- Batzos cheese from Veroia, Greece
- Country of origin: Greece
- Region: Western Macedonia, Central Macedonia and Thessaly
- Source of milk: Sheep's or goat's milk, or a mixture
- Pasteurized: Raw or pasteurized
- Texture: Semi-hard to hard
- Fat content: At least 25% in dry matter
- Aging time: At least 3 months
- Certification: PDO (1996)

= Batzos =

Greek brined cheese

Batzos (Μπάτζος) is a traditional Greek brined cheese. It is made from sheep's milk, goat's milk, or a mixture of the two. It is rindless and semi-hard to hard, with a white to pale yellow body, numerous irregular holes, and a salty, slightly piquant flavor. Its protected production area comprises Western Macedonia, Central Macedonia and Thessaly. The name was recognized in Greece in 1994 and registered as a Protected designation of origin in the European Union in 1996.

==Characteristics==
The PDO specification limits the cheese's moisture to 45 percent by weight and requires at least 25 percent fat in dry matter. Batzos has no rind. Its body is white to pale yellow and contains many irregular holes. A scholarly review describes it as a low-fat cheese with a sourish and lightly piquant taste.

==Production==
The PDO specification permits raw or pasteurized sheep's or goat's milk, or a mixture of the two. The milk must come from locally adapted breeds raised within the defined production area, with feed based on the area's flora, and it is partially skimmed before cheesemaking.

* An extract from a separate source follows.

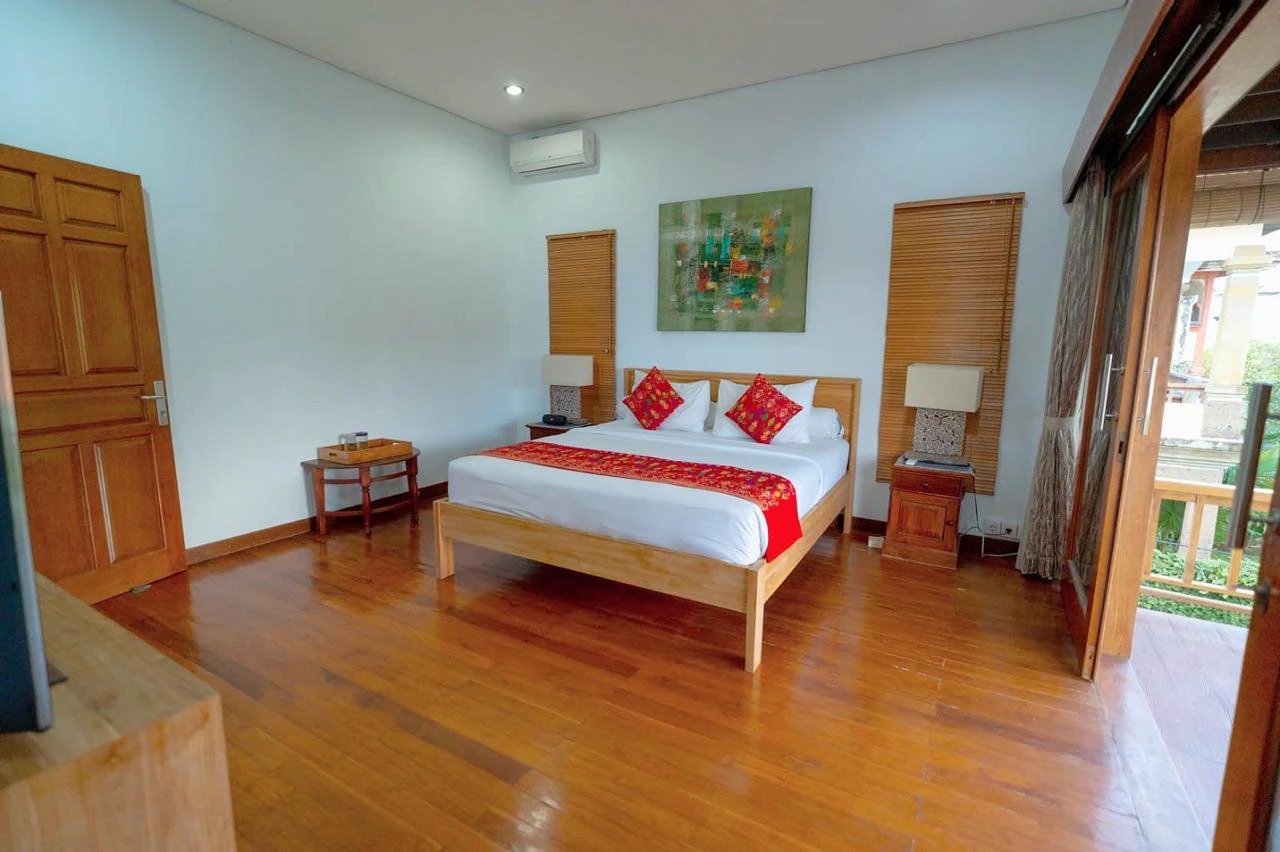 DO 72 - VILLA FOR SALE IN KEROBOKAN BALI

The milk is generally warmed to 28 to 32 C and coagulated with rennet for about 50 minutes. The curd is broken into small pieces, stirred, heated to as much as 45 C, and drained in cheesecloth. On the following day it is cut into slices and dry-salted with coarse salt. After approximately five days, the cheese is placed in containers with brine containing 10 to 12 percent salt and matured for at least three months. Production and maturation must take place within the designated region.

In the traditional method, repeated stirring or beating of the thickening milk transfers a substantial proportion of its fat to the whey. The fat-rich whey can then be used to make butter when sheep's milk is used, or Manouri when goat's milk or mixed milk is used. This process leaves Batzos comparatively low in fat.

==Protected designation of origin==
The Greek Ministry of Agriculture recognized Batzos as a protected designation of origin in January 1994. A correction published in February 1994 added Thessaly to the stated production area and clarified that the cheese has a semi-hard to hard body. The name was registered at European Community level by Commission Regulation (EC) No 1107/96, which entered into force on June 21, 1996.

Under the PDO specification, the use of colorants, preservatives and antibiotic substances in the cheese or its brine is prohibited.

==Culinary uses==
Batzos may be eaten plain, fried, or served with eggs.